Pictures stay out; everything else in the records below is to be repeated exactly.

● MATERIAL SHOWN
>>>

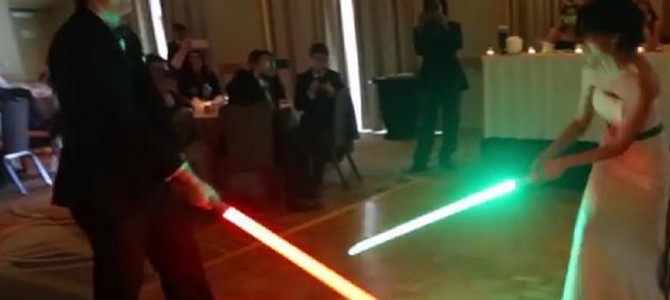 新郎ＶＳ新婦、ライトセイバーバトルが始まった！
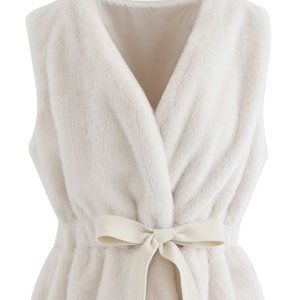 Chicwish BOWKNOT SOFT FAUX FUR VEST IN CREAM
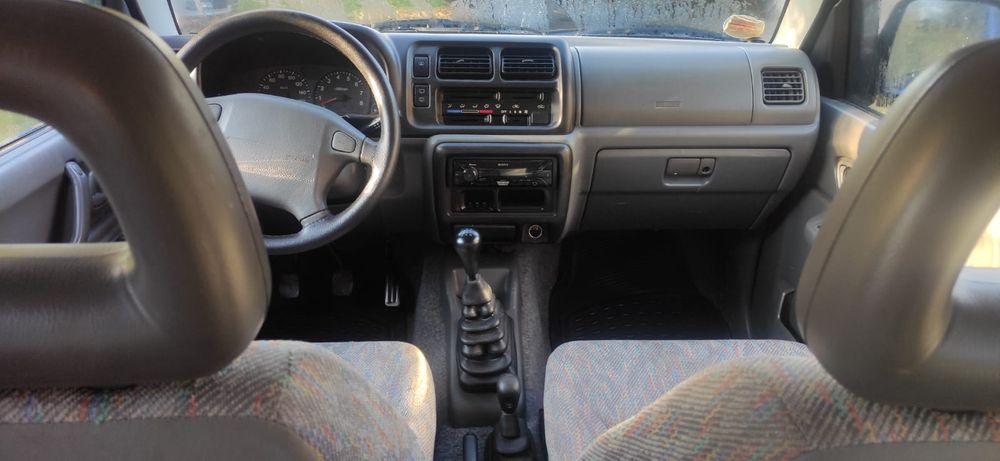 Vând Suzuki Jimny 4x4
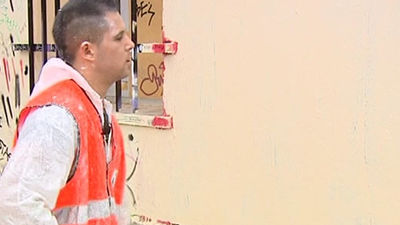 Condenado a limpiar las pintadas de Torrelodones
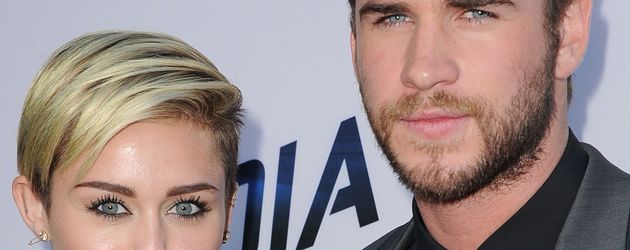 Miley Cyrus Liam Hemsworth Miley Cyrus Liam Hemsworth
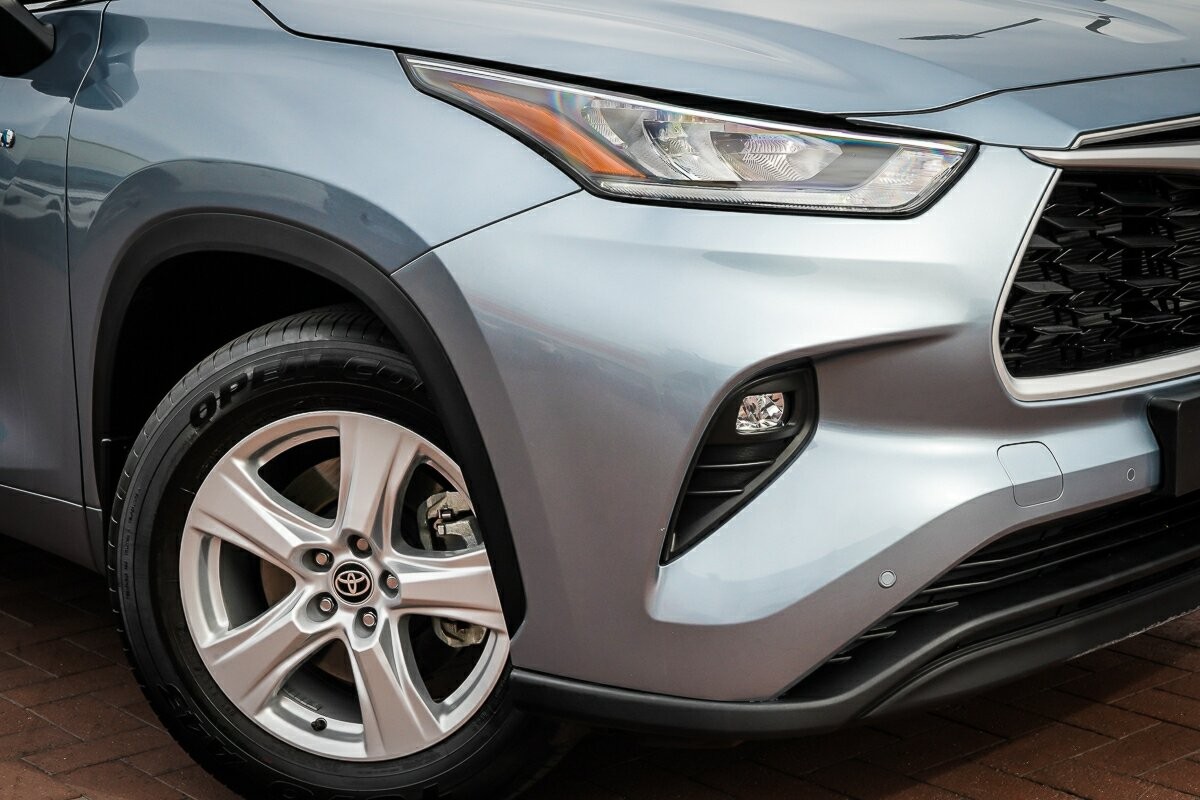 Toyota Kluger image 2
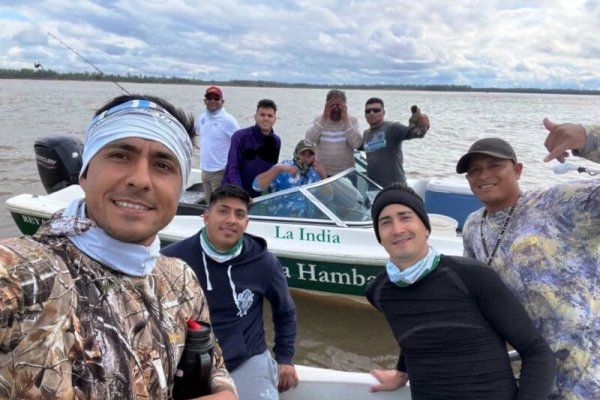 Jugadores de San Lorenzo de pesca en Esquina
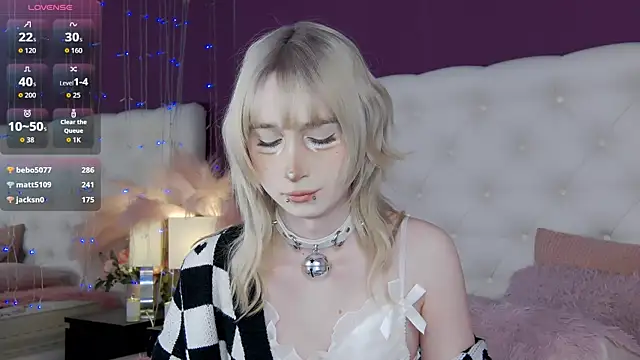 cutetomie: διαδικτυακό σόου στην κάμερα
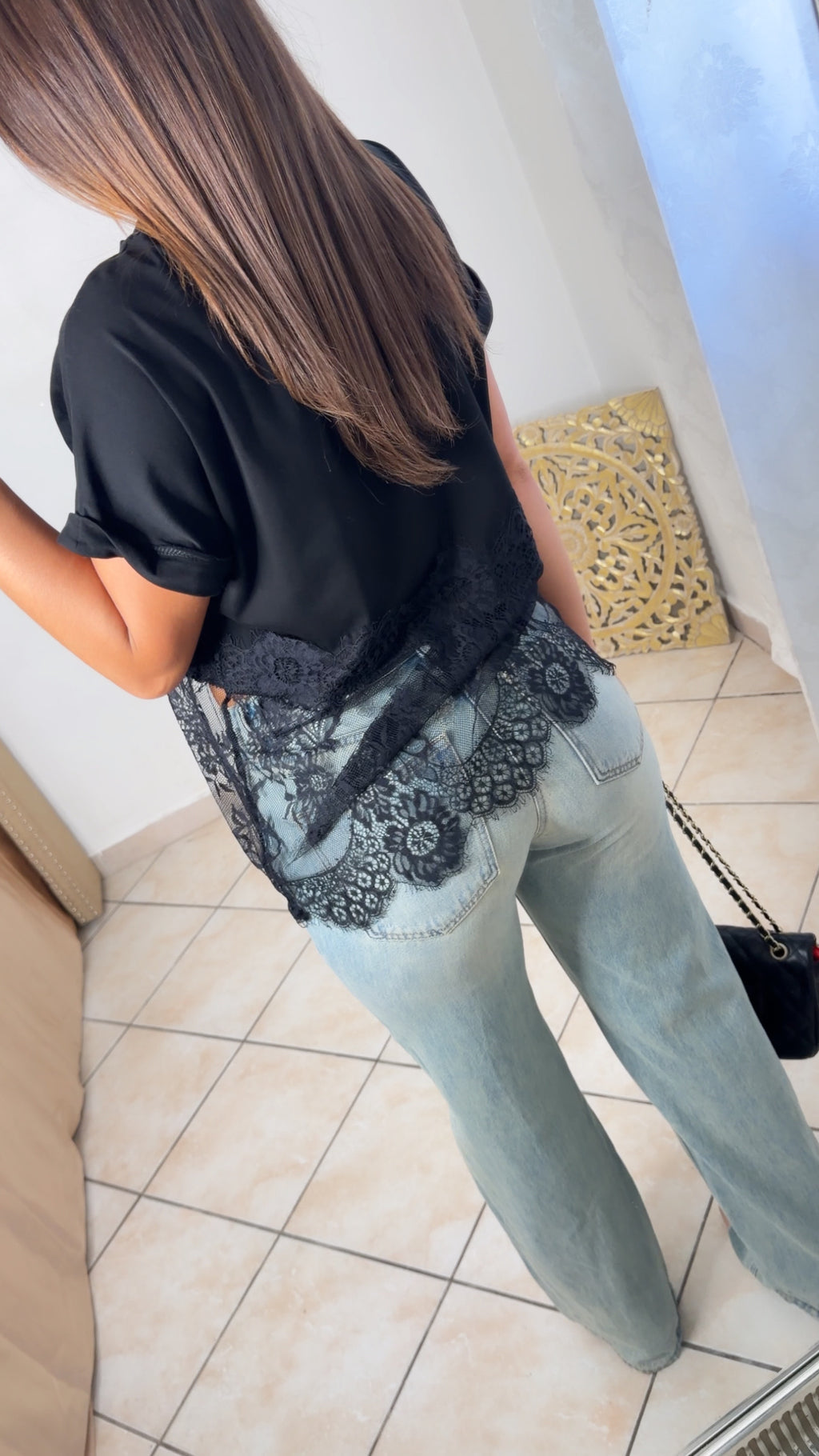 T-shirt bimatière en dentelle [NOIR]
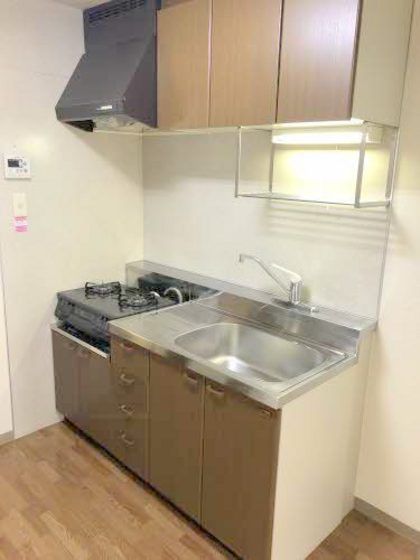 �y�L�b�`���z�@�ʐ^�͓��^�C�v�̕ʎ��̂��̂ł��B���n�����D��ł��肢���܂��B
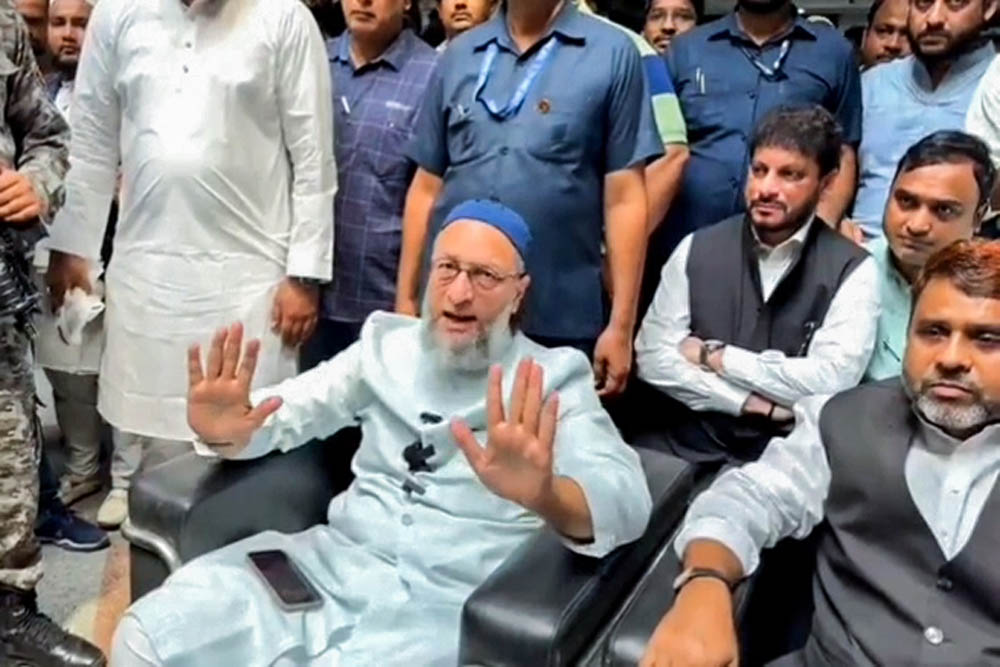 उपचुनाव में कांग्रेस के साथ ओवैसी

<<<

● RESULT FOR THIS EXERCISE
 新郎ＶＳ新婦、ライトセイバーバトルが始まった！
 Chicwish BOWKNOT SOFT FAUX FUR VEST IN CREAM
 Vând Suzuki Jimny 4x4
 Condenado a limpiar las pintadas de Torrelodones
 Miley Cyrus Liam Hemsworth Miley Cyrus Liam Hemsworth
 Toyota Kluger image 2
 Jugadores de San Lorenzo de pesca en Esquina
 cutetomie: διαδικτυακό σόου στην κάμερα
 T-shirt bimatière en dentelle [NOIR]
 �y�L�b�`���z�@�ʐ^�͓��^�C�v�̕ʎ��̂��̂ł��B���n�����D��ł��肢���܂��B
 उपचुनाव में कांग्रेस के साथ ओवैसी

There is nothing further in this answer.